Embedded vision for Industry 4.0

June 16, 2017


Embedded vision for Industry 4.0

  Machine vision is a term commonly used for embedded vision systems operating in an industrial context. Consequently, machine vision addresses a wide range of applications, from optical...


Machine vision is a term commonly used for embedded vision systems operating in an industrial context. Consequently, machine vision addresses a wide range of applications, from optical inspection of manufactured goods such as semiconductor and solar panel manufacturing to postal and parcel sorting, industrial X-rays, and food packaging.

There are several high-level trends facing most machine vision applications today:

  • Ubiquity of machine vision
  • Embedding intelligence from machine learning at the edge
  • Open, high-level languages and frameworks
  • Multi-level, multi-factor security

The ubiquity of machine vision is closely coupled to what has been termed Industry 4.0 by some leading industry figures. This is due to the economic benefits of including machine vision within the manufacturing flow, as it allows for new assembly and inspection methodologies coupled with improved logistical and workflow tracking. This added capability brings with it not only increased yields but also reduced throughput times, which offset the cost of an embedded vision implementation. The rapid adoption of machine vision in manufacturing brings with it several technology challenges that are driving demand for increased frame rate, resolution, wider connectivity bandwidth, smaller form factors, and lower cost as applications increase.

Along with widespread adoption of the underlying technology, the applications executed on machine vision systems are increasingly complicated. For example, it is a requirement to detect defects in manufacturing pieces, recognize objects, and make decisions based upon what is recognized. Embedding intelligence at the edge within the camera itself means that users are not required to transfer the image to a high–performance, centralized processing node. This embedded intelligence, however, requires the processing capacity to be able to perform the algorithm at the required frame rate, resolution, and latency within the machine vision system.

To aid the development and implementation of intelligence at the edge, machine vision developers leverage open-source, high-level languages and frameworks such as OpenCV and OpenVX for image processing, and Caffe for machine intelligence. These frameworks enable algorithm development time to be greatly reduced and allow the developer to focus on value-added, market-distinguishing activities.

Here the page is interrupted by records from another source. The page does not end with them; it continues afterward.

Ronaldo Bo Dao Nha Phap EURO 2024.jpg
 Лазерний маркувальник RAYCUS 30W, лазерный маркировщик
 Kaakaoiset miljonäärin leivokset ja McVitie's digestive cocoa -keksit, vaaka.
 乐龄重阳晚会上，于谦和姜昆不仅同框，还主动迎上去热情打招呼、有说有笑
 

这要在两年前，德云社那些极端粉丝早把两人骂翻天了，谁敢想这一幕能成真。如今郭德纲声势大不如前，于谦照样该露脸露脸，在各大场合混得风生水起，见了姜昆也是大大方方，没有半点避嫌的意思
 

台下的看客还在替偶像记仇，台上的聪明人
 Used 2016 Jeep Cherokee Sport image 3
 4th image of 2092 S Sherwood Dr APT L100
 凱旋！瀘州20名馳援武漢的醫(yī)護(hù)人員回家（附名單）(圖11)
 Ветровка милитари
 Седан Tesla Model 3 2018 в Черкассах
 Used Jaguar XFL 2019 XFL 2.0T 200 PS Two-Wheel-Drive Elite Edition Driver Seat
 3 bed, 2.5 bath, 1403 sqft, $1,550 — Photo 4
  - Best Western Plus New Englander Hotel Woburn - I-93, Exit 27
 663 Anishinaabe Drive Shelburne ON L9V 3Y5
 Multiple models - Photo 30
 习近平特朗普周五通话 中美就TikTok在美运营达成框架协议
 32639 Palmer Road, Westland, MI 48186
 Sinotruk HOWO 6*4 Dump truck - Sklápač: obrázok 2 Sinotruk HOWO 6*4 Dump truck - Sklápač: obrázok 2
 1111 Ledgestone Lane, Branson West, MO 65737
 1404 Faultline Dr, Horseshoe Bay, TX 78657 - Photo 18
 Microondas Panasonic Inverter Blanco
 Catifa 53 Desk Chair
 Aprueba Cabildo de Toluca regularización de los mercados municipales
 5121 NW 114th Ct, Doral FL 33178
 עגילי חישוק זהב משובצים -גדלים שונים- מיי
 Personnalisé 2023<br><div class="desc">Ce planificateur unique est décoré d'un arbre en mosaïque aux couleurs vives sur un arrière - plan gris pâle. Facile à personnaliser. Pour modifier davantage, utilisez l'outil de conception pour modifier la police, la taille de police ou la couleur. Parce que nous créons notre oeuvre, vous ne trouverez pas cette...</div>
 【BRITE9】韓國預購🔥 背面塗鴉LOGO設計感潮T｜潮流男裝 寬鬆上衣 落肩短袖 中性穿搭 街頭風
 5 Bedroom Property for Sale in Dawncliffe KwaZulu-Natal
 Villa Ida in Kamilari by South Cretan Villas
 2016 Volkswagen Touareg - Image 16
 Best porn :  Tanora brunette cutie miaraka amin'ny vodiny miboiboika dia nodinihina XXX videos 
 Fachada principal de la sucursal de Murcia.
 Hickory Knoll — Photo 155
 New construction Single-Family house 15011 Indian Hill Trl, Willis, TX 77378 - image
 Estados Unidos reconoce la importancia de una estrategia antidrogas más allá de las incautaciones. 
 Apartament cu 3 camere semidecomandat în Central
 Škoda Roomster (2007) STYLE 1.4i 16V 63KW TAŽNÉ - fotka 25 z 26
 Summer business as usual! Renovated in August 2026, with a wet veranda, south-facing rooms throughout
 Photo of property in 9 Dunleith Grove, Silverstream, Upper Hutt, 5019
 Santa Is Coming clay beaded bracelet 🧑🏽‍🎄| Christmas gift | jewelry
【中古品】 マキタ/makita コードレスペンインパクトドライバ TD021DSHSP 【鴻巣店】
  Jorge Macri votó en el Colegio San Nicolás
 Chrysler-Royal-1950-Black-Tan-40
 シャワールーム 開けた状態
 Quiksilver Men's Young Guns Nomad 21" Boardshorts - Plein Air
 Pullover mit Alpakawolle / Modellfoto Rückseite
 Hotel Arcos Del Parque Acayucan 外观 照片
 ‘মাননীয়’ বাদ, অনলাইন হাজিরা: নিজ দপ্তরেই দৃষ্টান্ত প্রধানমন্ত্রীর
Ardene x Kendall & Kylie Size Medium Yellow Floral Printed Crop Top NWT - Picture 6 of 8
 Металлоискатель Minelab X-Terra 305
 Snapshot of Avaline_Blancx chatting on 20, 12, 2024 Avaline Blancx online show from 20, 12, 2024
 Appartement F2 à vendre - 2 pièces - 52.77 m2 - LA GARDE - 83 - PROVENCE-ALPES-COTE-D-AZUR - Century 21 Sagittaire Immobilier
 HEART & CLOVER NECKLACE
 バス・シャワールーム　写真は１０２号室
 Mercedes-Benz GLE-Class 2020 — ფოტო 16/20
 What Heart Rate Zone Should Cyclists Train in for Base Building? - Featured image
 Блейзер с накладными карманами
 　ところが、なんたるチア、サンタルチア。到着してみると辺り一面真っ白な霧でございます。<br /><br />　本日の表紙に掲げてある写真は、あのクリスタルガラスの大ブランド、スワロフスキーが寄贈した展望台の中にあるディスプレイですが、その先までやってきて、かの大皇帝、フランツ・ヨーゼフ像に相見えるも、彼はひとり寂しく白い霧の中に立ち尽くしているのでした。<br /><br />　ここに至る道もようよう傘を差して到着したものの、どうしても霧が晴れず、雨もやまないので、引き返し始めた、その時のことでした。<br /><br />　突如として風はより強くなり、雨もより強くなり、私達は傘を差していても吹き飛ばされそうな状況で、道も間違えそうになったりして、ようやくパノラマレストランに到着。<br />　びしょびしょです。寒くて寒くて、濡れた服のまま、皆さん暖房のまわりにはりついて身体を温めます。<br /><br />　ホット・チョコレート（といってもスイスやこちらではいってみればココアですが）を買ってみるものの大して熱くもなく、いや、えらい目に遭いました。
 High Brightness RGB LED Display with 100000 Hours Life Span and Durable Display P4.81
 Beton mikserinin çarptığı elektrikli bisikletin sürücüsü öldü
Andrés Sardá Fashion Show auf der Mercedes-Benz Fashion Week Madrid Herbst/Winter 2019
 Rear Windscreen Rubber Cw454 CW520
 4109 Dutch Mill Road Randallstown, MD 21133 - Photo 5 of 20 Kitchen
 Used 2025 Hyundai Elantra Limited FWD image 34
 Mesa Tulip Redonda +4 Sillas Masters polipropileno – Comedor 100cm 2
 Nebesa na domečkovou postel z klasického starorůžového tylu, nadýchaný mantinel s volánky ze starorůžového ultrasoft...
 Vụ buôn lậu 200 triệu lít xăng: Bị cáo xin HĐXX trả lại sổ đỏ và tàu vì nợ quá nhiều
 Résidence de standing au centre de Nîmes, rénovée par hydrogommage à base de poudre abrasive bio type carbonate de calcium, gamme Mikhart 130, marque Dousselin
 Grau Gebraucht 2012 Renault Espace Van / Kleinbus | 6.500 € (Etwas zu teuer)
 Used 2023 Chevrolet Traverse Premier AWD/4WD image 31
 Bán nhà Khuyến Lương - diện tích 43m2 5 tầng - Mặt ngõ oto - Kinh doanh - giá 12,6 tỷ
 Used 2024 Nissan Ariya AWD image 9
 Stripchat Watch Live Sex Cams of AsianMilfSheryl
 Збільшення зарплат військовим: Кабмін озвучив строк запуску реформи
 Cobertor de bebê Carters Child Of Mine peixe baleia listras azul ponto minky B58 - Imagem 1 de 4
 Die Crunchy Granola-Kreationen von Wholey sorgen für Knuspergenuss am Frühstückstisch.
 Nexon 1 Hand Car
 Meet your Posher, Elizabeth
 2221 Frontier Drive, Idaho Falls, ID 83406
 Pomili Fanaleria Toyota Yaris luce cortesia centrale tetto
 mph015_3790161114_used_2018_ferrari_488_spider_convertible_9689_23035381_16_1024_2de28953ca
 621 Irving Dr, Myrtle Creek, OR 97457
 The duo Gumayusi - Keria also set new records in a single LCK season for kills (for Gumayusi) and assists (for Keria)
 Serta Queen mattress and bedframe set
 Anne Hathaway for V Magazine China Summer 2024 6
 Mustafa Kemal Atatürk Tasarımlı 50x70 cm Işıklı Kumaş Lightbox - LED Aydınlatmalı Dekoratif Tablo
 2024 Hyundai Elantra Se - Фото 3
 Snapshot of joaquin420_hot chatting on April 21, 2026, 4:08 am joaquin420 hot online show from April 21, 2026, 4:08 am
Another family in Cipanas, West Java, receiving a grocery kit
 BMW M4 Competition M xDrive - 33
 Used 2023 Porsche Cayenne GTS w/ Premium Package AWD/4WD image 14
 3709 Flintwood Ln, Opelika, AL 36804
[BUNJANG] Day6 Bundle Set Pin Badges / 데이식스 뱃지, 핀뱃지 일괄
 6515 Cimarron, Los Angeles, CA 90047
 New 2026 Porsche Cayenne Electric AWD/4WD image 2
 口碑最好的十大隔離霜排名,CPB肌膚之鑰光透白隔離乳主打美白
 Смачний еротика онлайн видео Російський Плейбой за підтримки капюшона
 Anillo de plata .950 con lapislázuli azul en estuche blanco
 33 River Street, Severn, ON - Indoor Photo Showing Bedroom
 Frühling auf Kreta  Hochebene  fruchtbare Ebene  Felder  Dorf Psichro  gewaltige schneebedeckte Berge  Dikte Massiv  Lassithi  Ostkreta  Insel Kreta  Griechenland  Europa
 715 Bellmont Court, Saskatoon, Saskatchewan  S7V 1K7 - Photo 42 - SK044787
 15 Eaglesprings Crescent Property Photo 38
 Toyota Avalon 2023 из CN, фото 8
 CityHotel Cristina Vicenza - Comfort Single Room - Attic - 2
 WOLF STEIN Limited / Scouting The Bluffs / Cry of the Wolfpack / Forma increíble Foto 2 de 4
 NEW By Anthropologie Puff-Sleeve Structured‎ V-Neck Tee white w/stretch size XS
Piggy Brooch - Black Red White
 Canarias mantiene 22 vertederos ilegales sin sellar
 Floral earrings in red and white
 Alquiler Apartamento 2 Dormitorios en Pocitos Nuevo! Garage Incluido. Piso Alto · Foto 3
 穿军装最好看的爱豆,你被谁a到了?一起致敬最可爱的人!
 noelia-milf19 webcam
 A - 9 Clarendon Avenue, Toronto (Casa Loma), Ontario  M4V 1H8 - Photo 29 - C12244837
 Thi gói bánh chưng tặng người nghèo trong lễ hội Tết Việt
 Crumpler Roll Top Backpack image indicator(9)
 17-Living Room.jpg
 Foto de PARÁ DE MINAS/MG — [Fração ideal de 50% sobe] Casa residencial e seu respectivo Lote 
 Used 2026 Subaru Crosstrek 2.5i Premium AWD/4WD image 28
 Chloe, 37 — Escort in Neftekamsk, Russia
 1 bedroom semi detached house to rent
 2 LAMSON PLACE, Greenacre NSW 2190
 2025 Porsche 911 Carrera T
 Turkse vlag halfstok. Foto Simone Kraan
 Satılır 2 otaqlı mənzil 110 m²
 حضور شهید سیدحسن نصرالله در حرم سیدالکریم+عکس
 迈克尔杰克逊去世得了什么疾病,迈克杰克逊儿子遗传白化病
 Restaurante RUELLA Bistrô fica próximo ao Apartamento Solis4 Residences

Due to the nature of the applications, safety and security are inherently required to ensure there is no potential for injury or malicious external interaction. This becomes very important when machine vision systems are connected externally to the Internet. Achieving this solution requires that safety and security architectures be addressed at a system level, but device selection must also be considered to ensure there is support for aspects such as secure configuration and reliable design flows.

These high-level drivers are having a considerable effect on the machine vision market and driving a new architectural paradigm.

Architectural choices

Considering the high-level architecture of a machine vision system, the following system elements have been identified:

  • Lens and lighting solution to allow the image to be focused and illuminated
  • Camera to capture the image
  • High-speed interconnect to transfer the image
  • PC with frame grabber and application software or storage

Until recently, the traditional approach has been to develop machine vision systems around a PC-based architecture due to the ease of deployment, large ecosystem of software vendors, and low cost of implementation. However, there are also several disadvantages to PC architectures, namely their low performance when compared to alternative solutions, large footprint, higher power dissipation, and the fact that they are not easily scalable as demanded by Industry 4.0.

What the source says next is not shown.